Ketua Pansus Hak Angket KPK Agun Gunandjar Sudarsa, Jumat, 11 Agustus 2017, memberi penjelasan kepada pers setelah menerima para akademisi tersebut. Mereka, kata Agun, ingin meminta masukan dan informasi soal KPK. Sejumlah dokumen menyangkut KPK pun diberikan kepada para akademisi itu sebagai bahan penelitian.
Tim akademisi KPK yang bertandang ke Pansus diketuai Suyono Salamun, auditor alumni STAN. Empat anggotanya adalah mantan auditor Badan Pemeriksa Keuangan, Soeprijadi; alumnus ITB, H.M. Yacub Chudory; kriminolog Universitas Indonesia, Maria Zuraida; dan Chandra Motik dari Fakultas Hukum UI. Mengutip pandangan para akademisi itu, Agun menyatakan agenda pemberantasan korupsi yang dijalankan KPK banyak yang tidak efektif dan tidak mencapai sasaran.
Salah satu indikator penting yang disampaikan para akademisi adalah politik pencegahan yang tidak tampak. “Kalau politik pencegahan ditampakkan, itu akan jauh lebih bagus. Sama halnya dengan memberantas kejahatan. Mengapa kita memulai di akibat, bukan memulai di sebab? Para akademisi itu ingin mendalami politik pencegahan supaya ke depan betul-betul ada sistem yang berjalan,” kata Agun.

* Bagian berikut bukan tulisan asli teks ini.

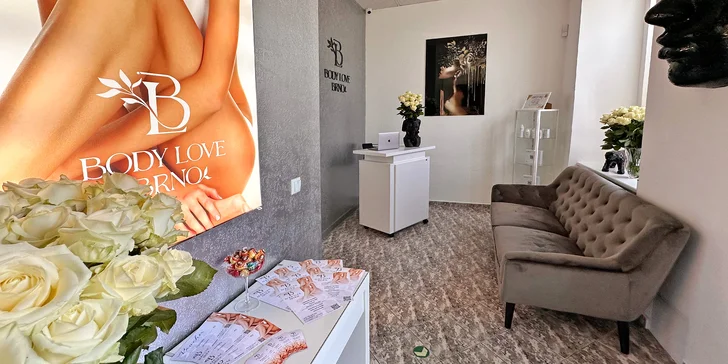 Až pět EMS ošetření partie podle výběru: odbourání tuků a zpevnění svalů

Politik pencegahan menjadi titik krusial dalam perbincangan Pansus dengan para akademisi tersebut. Para akademisi itu juga berencana mengunjungi KPK untuk melihat dari dekat sistem kerja lembaga antirasuah tersebut. Ini semata-mata agar penelitian memiliki bobot rasionalitas dan obyektivitas. Para akademisi itu, kata Agun, tak akan terbawa arus antara yang pro dan kontra atas keberadaan Pansus Angket ataupun KPK. (*)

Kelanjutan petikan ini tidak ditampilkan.